The trio and the new group were not looking to become a new political party nor nominate any candidates for future political elections, said Chen in response to many guesses from local media outlets.
Named “Taiwan March (島國前進),” the group will be calling for changes in Taiwan's political scene through citizen movements; the first petition it has planned to launch was to scrap the “birdcage referendum” rule, which requires over 50 percent of voters to turn out. “(We) hope to push for the amendment of the Referendum Act and call for the government to 'return the rights to the people,'” said Lin.
The next task on Taiwan March's agenda is to keep tabs on the Legislature as it reviews the special draft bill for Taiwan's free economic pilot zones, the Cross-Strait Trade in Services Agreement and a supervisory law concerning cross-strait pacts, said Lin.
Lin and Chen had previously led the student and citizen movements in protest of the hasty passage of the services trade pact in March.
“The decision had been made after a month's discussions ... a lot of people thought ill of our decision and thought that we would be alone when we insisted on choosing this path. We had been hesitant and even thought we'd stop doing anything ... but our previous teammates have been holding workshops and training new group leaders after the protests ended, and they have been doing a good job,” said Lin. “Frankly, we have been slow to take the next step compared to our teammates.”

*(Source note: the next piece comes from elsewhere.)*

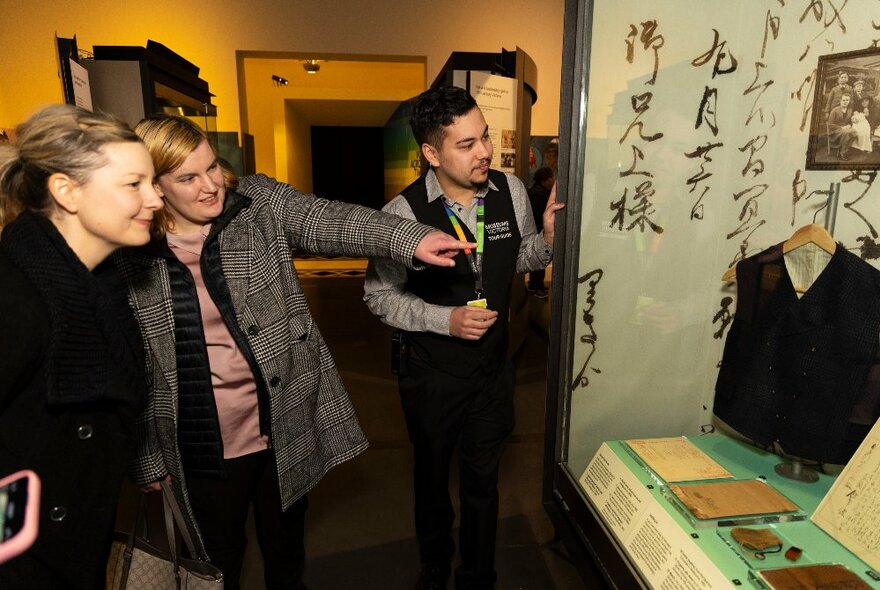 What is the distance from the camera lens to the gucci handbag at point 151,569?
1.43m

Lin also stressed that the media had focused too much on Chen and himself, saying that the reports had glossed over the efforts of many others who also deserved credit. Several movements that branched from the Sunflower Student Movement include a plan to impeach several Kuomintang (KMT) legislators, workshops for students and citizens interested in the nation's future and the planning of grassroots forums — all calling upon citizens to take matters into their own hands.
“All these people have contributed more than we did; for us, this new group may be our way to compensate for what we have not done during this time,” said Lin.